This disclosure relates in general to methods and systems for measuring multiphase flows in a pipeline using a combination of venturi, microwave and radiation techniques, where the pipeline is configured to transport hydrocarbons. More specifically, but not by way of limitation, certain embodiments of the present invention provide methods and systems in which low activity radiation sources may be used in combination with one or more microwave transmitter-receiver pairs and a pressure differential sensor to measure the flow—fractions and rates of phases—in multiphase flows in a pipeline, such as may be encountered in producing hydrocarbon wells. Additionally, other embodiments of the present invention provide for the arrangement of one or more microwave transmitter-receiver pairs, one or more radiation source-detector pairs and/or one or more pressure sensor ports in the same cross-section of the throat of a venturi to measure multiphase flow in a hydrocarbon transporting pipeline.

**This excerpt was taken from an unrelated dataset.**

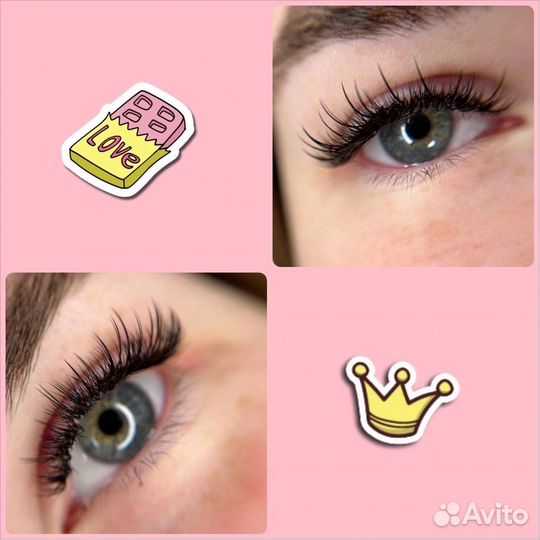 Наращивание ресниц в Коченево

It is desirable during the production of oil and gas to carry out flow measurements to determine the flow in a hydrocarbon transporting pipeline of individual phases of multiphase flow where the multiphase flow may consist of a two-phase or a three-phase combination of oil/water/gas. Measurements may be made in the form of mass flow rate or volume flow rate of a so-called multiphase measurement. Preferably, flow measurements may be performed using temporarily or permanently installed compact flow measurement systems that—unlike many conventional separator-based measurement systems, which separate multiphase flow into its components and then measure the flow of the component phases—are capable of measuring the flow of the phases of the multiphase flow without separation.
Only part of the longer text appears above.